Cour constitutionnelle
Arrêt n° 125/2024
du 14 novembre 2024
Numéro du rôle : 8121
En cause : la question préjudicielle relative aux articles 6 et 7 de la loi du 22 mars 2001
« instituant la garantie de revenus aux personnes âgées », posée par la Cour du travail d’Anvers, division d’Anvers.

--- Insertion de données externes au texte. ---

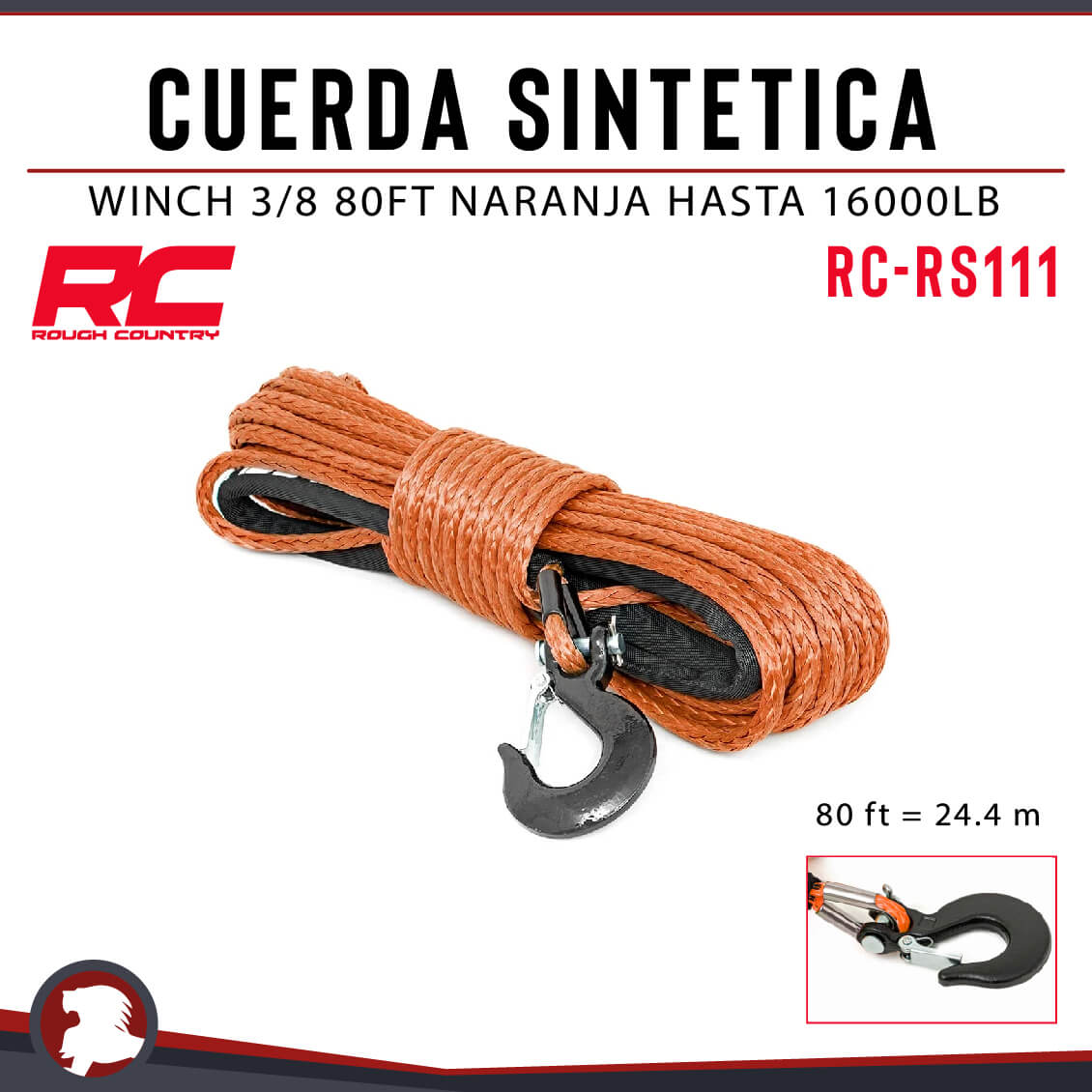 CUERDA SINTETICA WINCH 3/8 80FT NARANJA HASTA 16000LB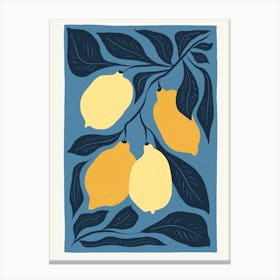 Lemons On A Branch Kitchen Matisse Style Canvas Print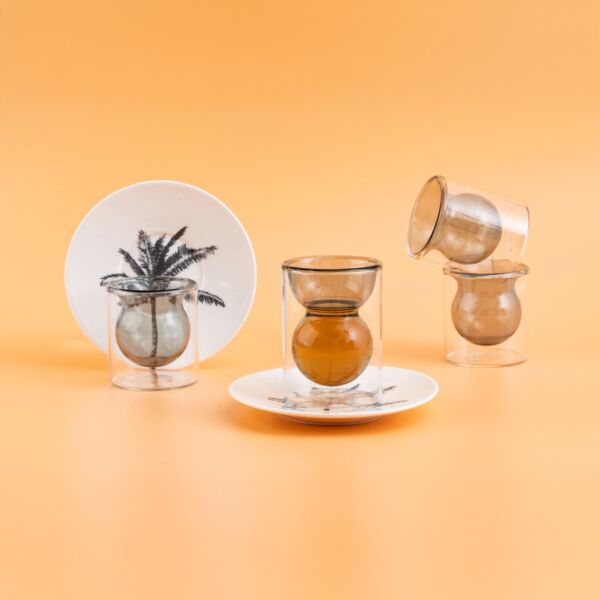 طقم بيالات شاي وقهوة  نخيل 18 قطعة - ابيض واسود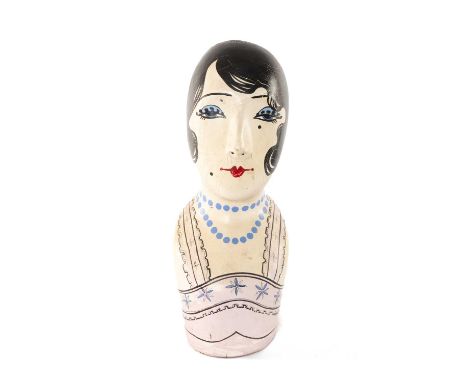 VINTAGE MILLINER'S SHOP DISPLAY STAND / MAROTTE, papier-mâché with original hand painted details, probably French, 44cms (h)P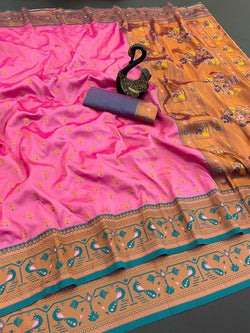 Radiant Pink Paithani Silk Saree With Serendipity Blouse Piece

La Cour constitutionnelle,
composée des présidents Luc Lavrysen et Pierre Nihoul, et des juges Sabine de Bethune, Emmanuelle Bribosia, Willem Verrijdt, Kattrin Jadin et Magali Plovie, assistée du greffier Nicolas Dupont, présidée par le président Luc Lavrysen,
après en avoir délibéré, rend l’arrêt suivant :
I. Objet de la question préjudicielle et procédure
Par arrêt du 7 décembre 2023, dont l’expédition est parvenue au greffe de la Cour le 15 décembre 2023, la Cour du travail d’Anvers, division d’Anvers, a posé la question préjudicielle suivante :
« Les articles 6 et 7 de la loi du 22 mars 2001 instituant la garantie de revenus aux personnes âgées violent-ils les articles 10 et 11 de la Constitution en ce qu’ils traitent différemment des personnes qui se trouvent dans des situations apparemment identiques ou comparables, à savoir, d’une part, les bénéficiaires d’une garantie de revenus aux personnes âgées qui partagent leur habitation commune avec une personne avec laquelle le demandeur n’est pas marié ni ne cohabite légalement, à qui la ‘ cohabitation ’ ne saurait procurer un avantage économique et à qui un montant majoré peut être octroyé et, d’autre part, les bénéficiaires d’une garantie de revenus aux personnes âgées qui partagent leur habitation commune avec leur conjoint ou leur cohabitant légal, à qui la ‘ cohabitation ’ ne saurait procurer un avantage économique et qui, pourtant, ne reçoivent que le montant de base ? ».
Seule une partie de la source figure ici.